START Task material
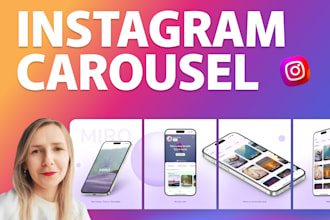 design carousel for instagram, facebook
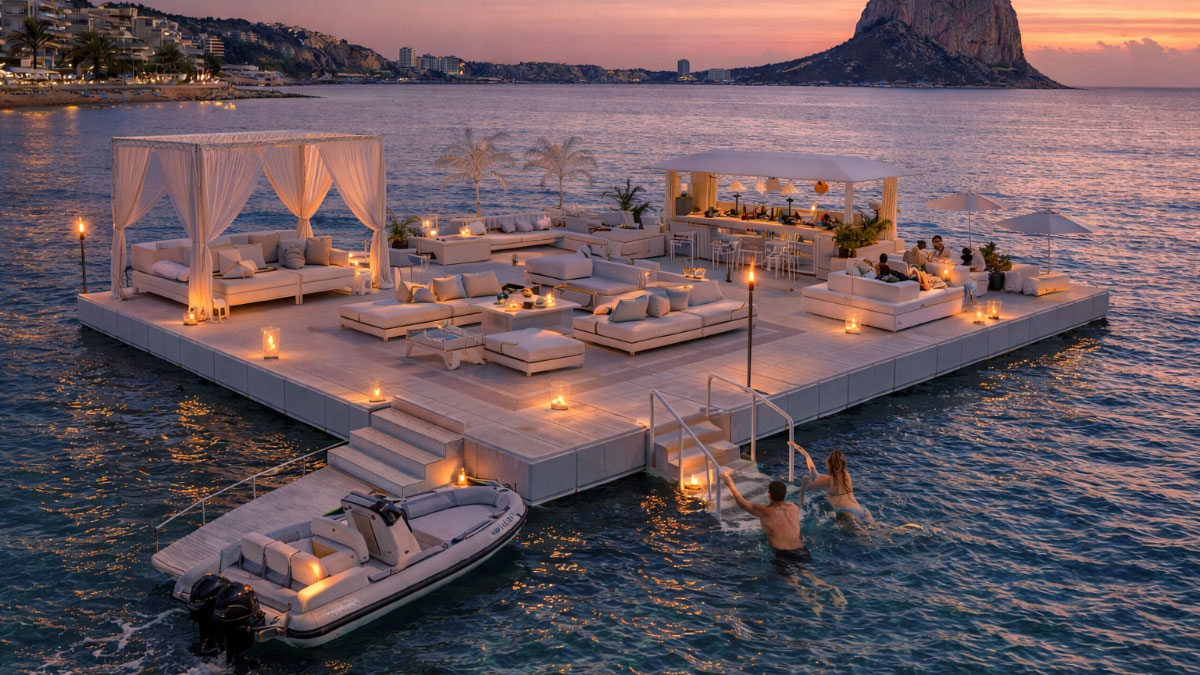 Плавучая игровая система: сборные модульные плавучие платформы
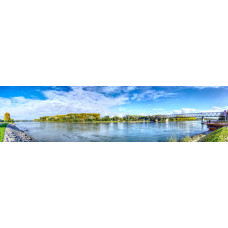 Rijn Duitsland - panoramische fotoprint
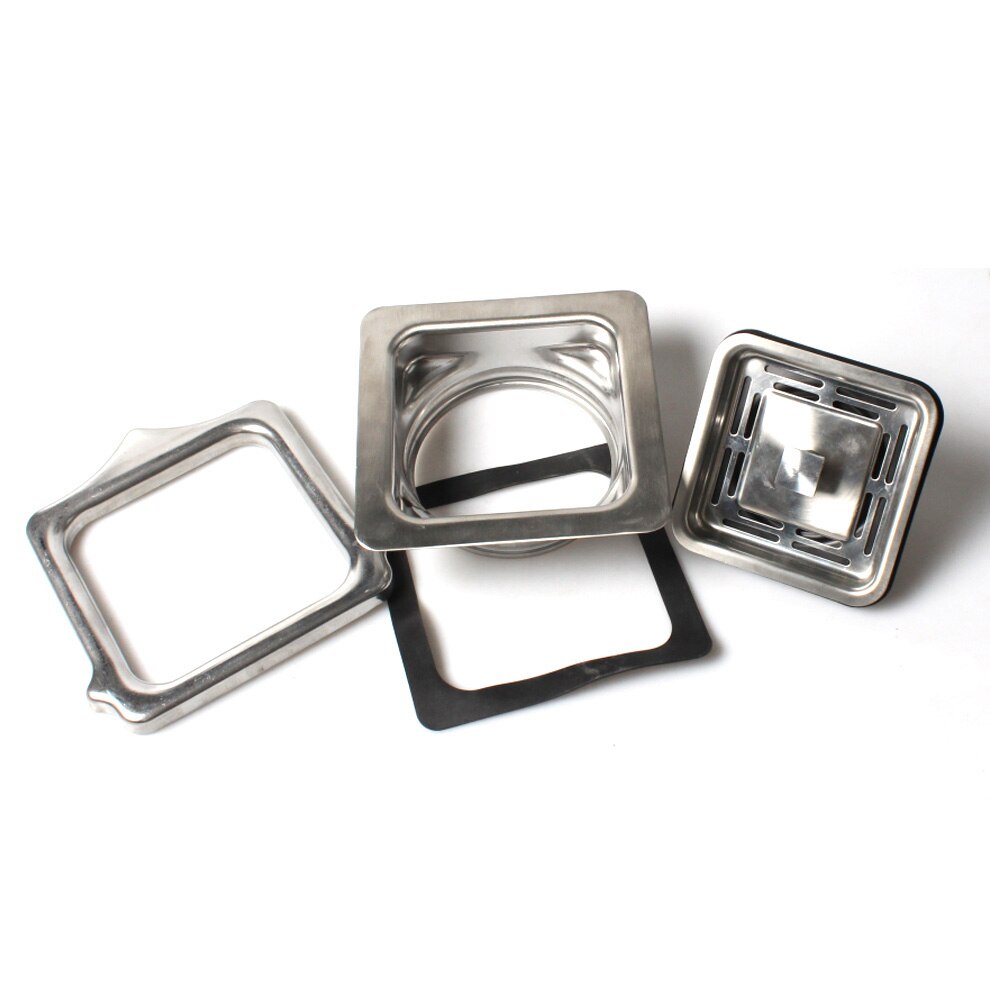 114mm Garbage Disposer Square Drain Converter Accessories Stainless Steel Caliber Adapter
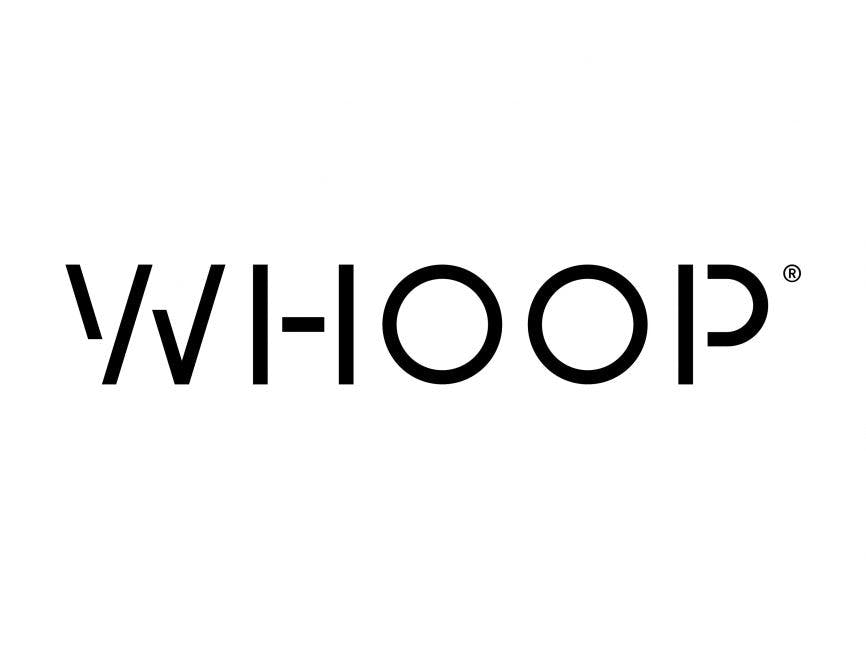Whoop wearable device logo - Connect your Whoop fitness band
END Task material
**Requirement**. Find the line that contains "Rijn Duitsland - panoramische fotoprint". Reproduce it and every later line of the records exactly, minus the pictures.

**Task solution**.
 Rijn Duitsland - panoramische fotoprint
 114mm Garbage Disposer Square Drain Converter Accessories Stainless Steel Caliber Adapter
Whoop wearable device logo - Connect your Whoop fitness band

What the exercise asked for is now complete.